The Court of Appeal has upheld a judgment from the Competition Appeal Tribunal in 2008, which insisted that BSkyB cut its stake in ITV from 17.9 per cent to less than 7.5 per cent on competition grounds. Sky has 28 days to lodge an appeal with the Supreme Court, its final available legal recourse, and has said it will ‘review the judgment and order carefully and consider next steps in due course’. More in the Independent HERE; Times HERE; and Telegraph HERE and HERE.

BT is launching its next-generation super-fast broadband service next week, and kick-starting a price-war; already claiming to have undercut Virgin Media’s prices. BT is spending £1.5bn putting a new fibre network within the reach of 10m homes by the time of the Olympics in 2012. It will have 500,000 homes connected by the end of next month and 4m by the end of this year. Virgin Media, meanwhile, has already upgraded its existing cable network, which passes 12.5m addresses, and launched its own ultra-high speed offering.

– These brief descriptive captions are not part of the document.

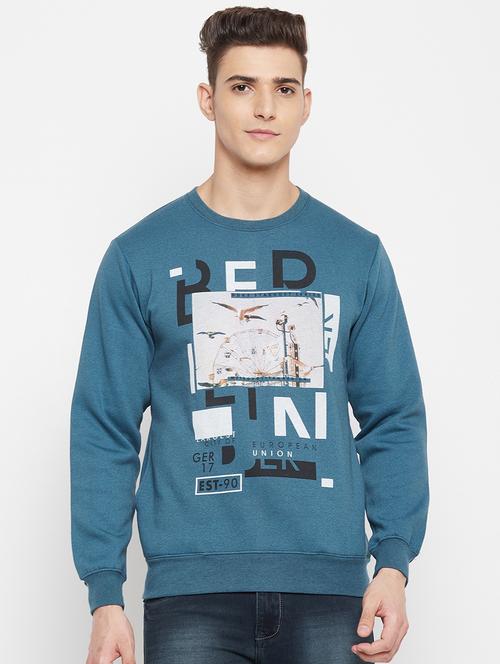 teal front print sweatshirt - 18477099 - Very Small Image - 1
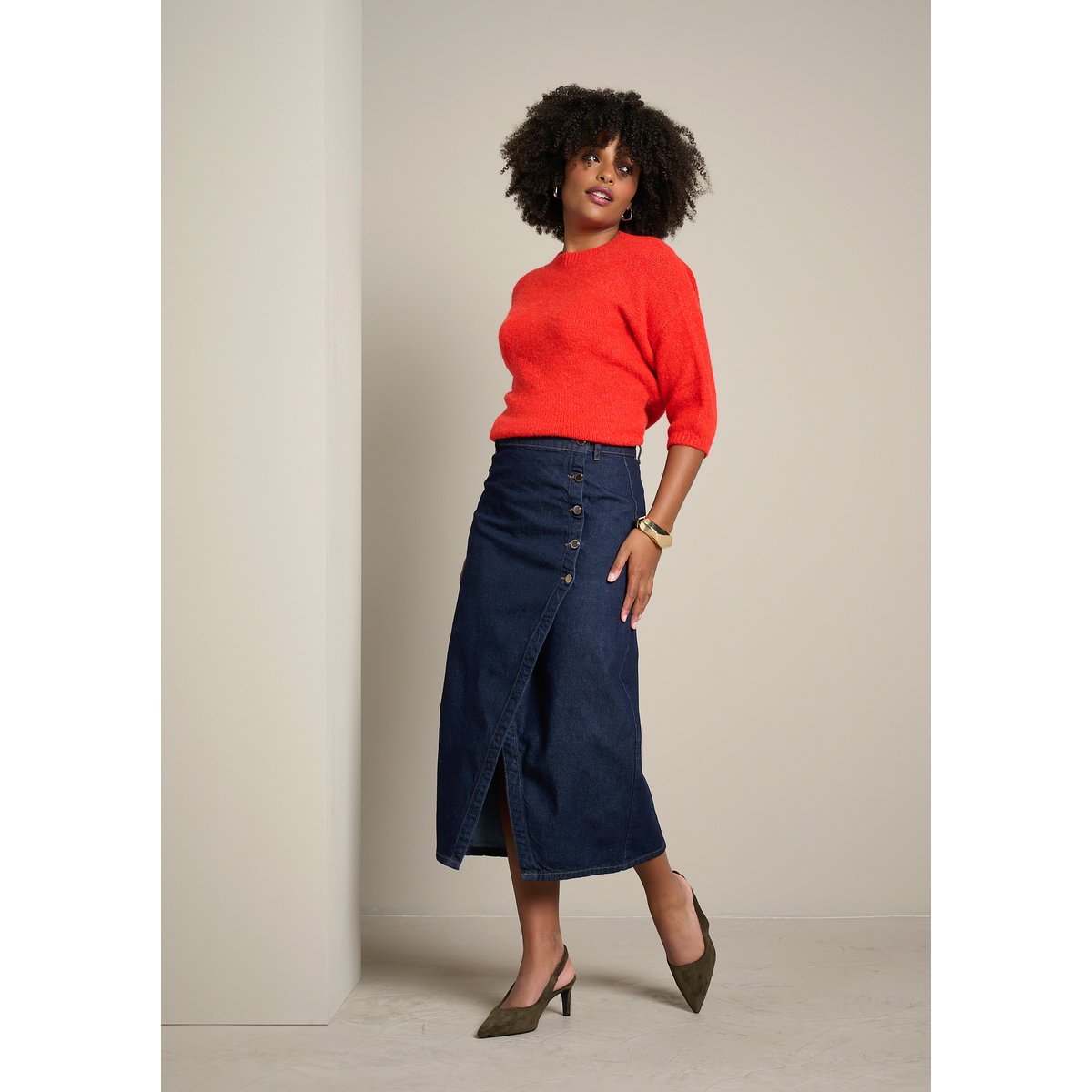 Jupe crayon en jean dark blue, LOLALIZA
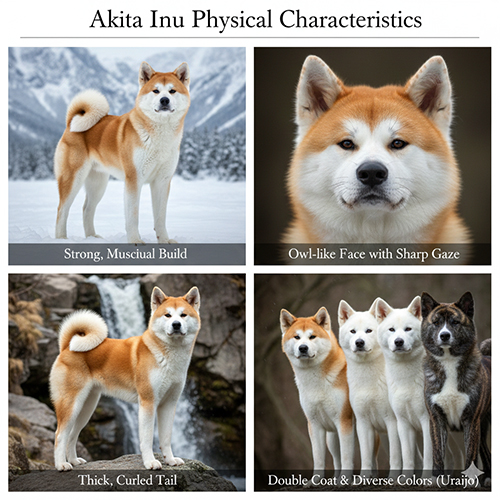 Infographic đặc điểm ngoại hình chó Akita Inu với thân hình cơ bắp, mặt cú vọ, đuôi cuộn và bộ lông kép nhiều màu 🐕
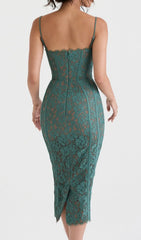 Elegant Forest Green Lace Corset Midi Dress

Virgin have hit back at BT’s pricing, accusing the company of misleading consumers because Virgin Media’s service is actually faster. BT’s service runs at 40Mb per second while Virgin Media’s is 50Mb per second. This said, BT’s service does offer upload speeds of 10Mb a second – meaning customers will be able to send large files to other people quickly. In stark contrast, Virgin Media’s upload speed – even on its 50Mb service – is only 1.5Mb. More in the Guardian HERE and Telegraph HERE.